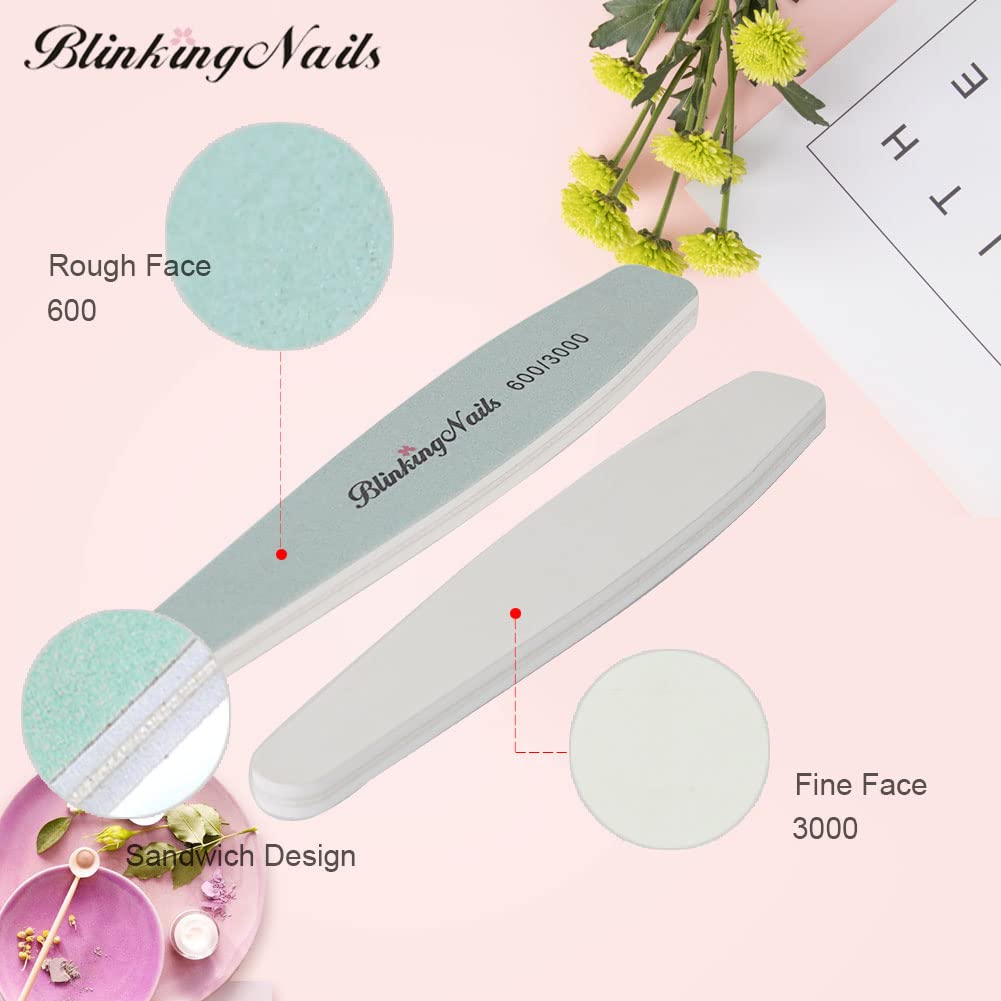 Professional Nail Buffer Block & Shine Kit - 600/3000 Grit Nail File, Smoother, and Polisher for Perfectly Smooth & Shiny Nails | Ideal for Home Manicures, Salon Use & DIY Nail Care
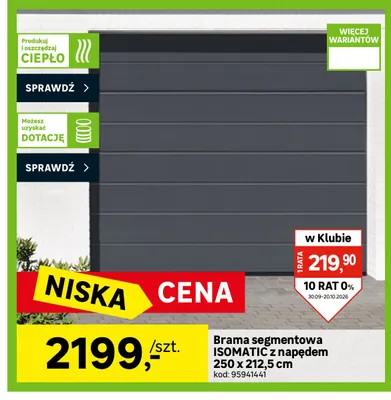 Brama segmentowa Isomatic z napędem 250x212,5 cm promocja w Leroy Merlin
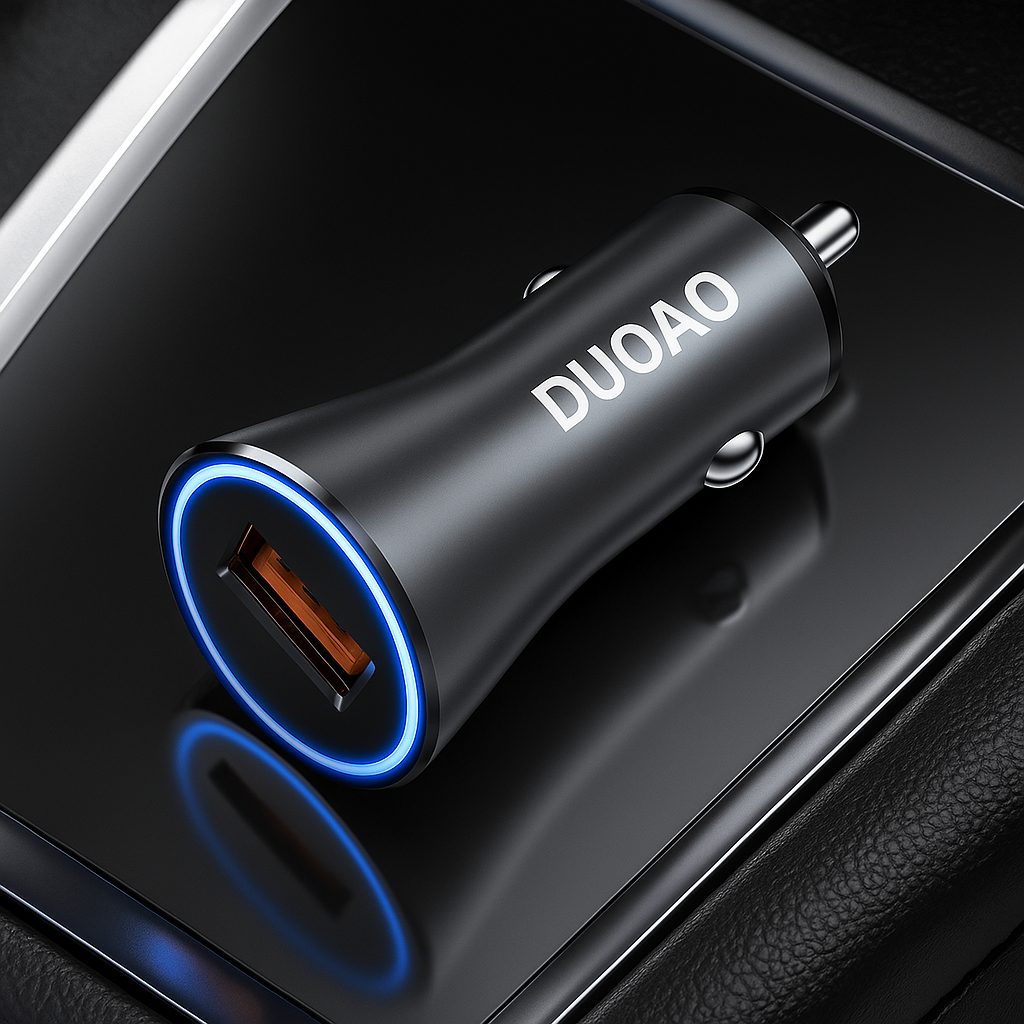DUDAO R4MAX 55W PD & QC3.0 Metal Car Charger (USB + Type-C)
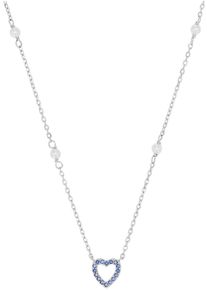 Kette mit Anh&auml;nger Amor "Herz, Trachtenschmuck, Volksfest", blau (silberfarben, blau, wei&szlig;), Halsketten, Damen, Perlen Silber 925 (Sterlingsilber), L: 42, Perlen, Silber 925 (Sterlingsilber), Kette mit Anh&auml;nger, mit Stein (synth.) - mit Muschelkernperle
****
▶ Directions: Retype all of the material above precisely as it reads. Pictures are not part of the copy.

▶ Response area:
 Professional Nail Buffer Block & Shine Kit - 600/3000 Grit Nail File, Smoother, and Polisher for Perfectly Smooth & Shiny Nails | Ideal for Home Manicures, Salon Use & DIY Nail Care
 Brama segmentowa Isomatic z napędem 250x212,5 cm promocja w Leroy Merlin
DUDAO R4MAX 55W PD & QC3.0 Metal Car Charger (USB + Type-C)
 Kette mit Anh&auml;nger Amor "Herz, Trachtenschmuck, Volksfest", blau (silberfarben, blau, wei&szlig;), Halsketten, Damen, Perlen Silber 925 (Sterlingsilber), L: 42, Perlen, Silber 925 (Sterlingsilber), Kette mit Anh&auml;nger, mit Stein (synth.) - mit Muschelkernperle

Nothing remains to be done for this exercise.